- [TASK TO CARRY OUT]: Please copy all of the data that follows exactly, leaving any pictures out.
[EXERCISE DATA Boundary: Start]
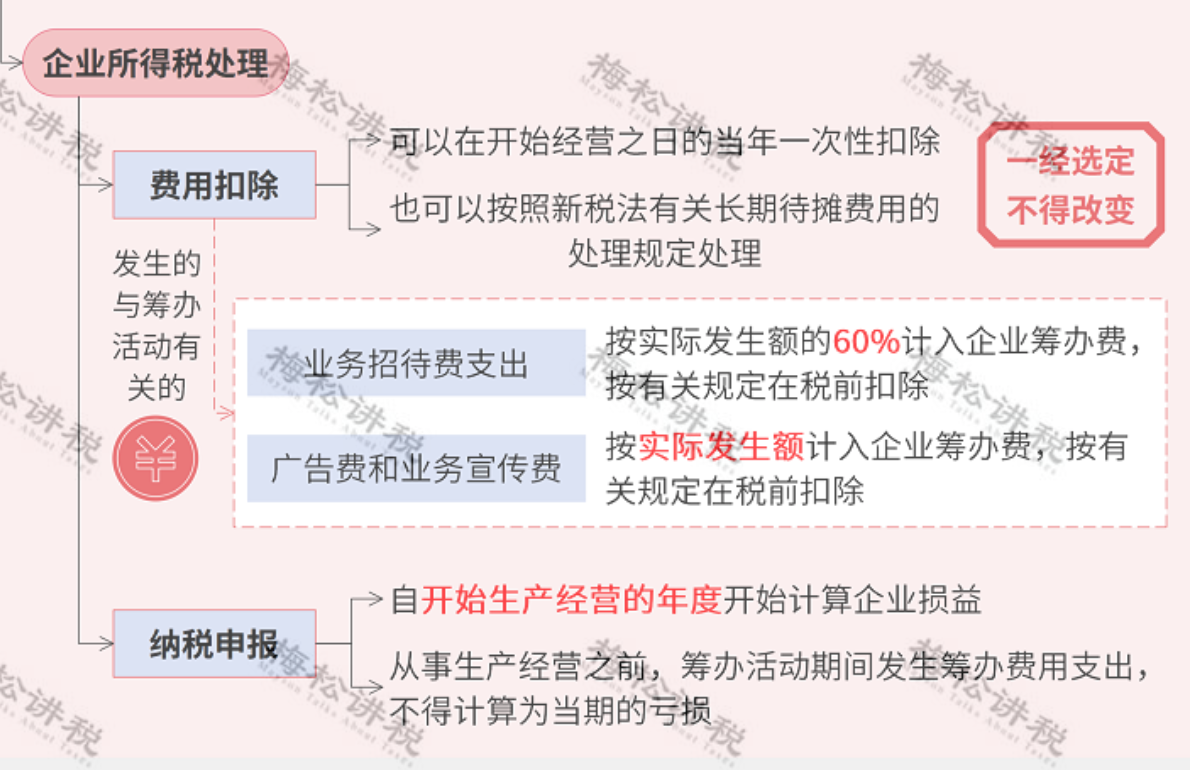 注册公司的流程有哪些（成立公司的费用和要求）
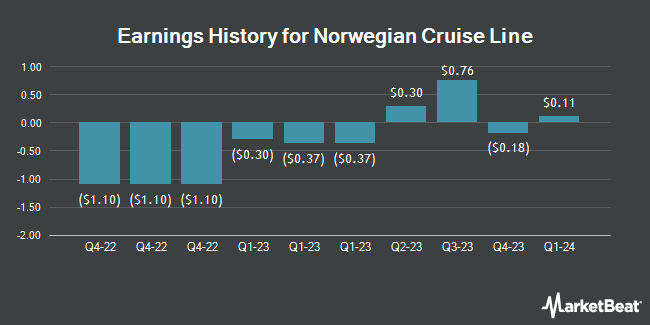 Earnings History for Norwegian Cruise Line (NYSE:NCLH)
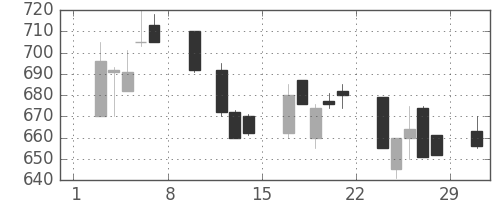 古河機金の日足チャート(1992年2月)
[EXERCISE DATA Boundary: End]
- [TASK ANSWER]:
 注册公司的流程有哪些（成立公司的费用和要求）
 Earnings History for Norwegian Cruise Line (NYSE:NCLH)
 古河機金の日足チャート(1992年2月)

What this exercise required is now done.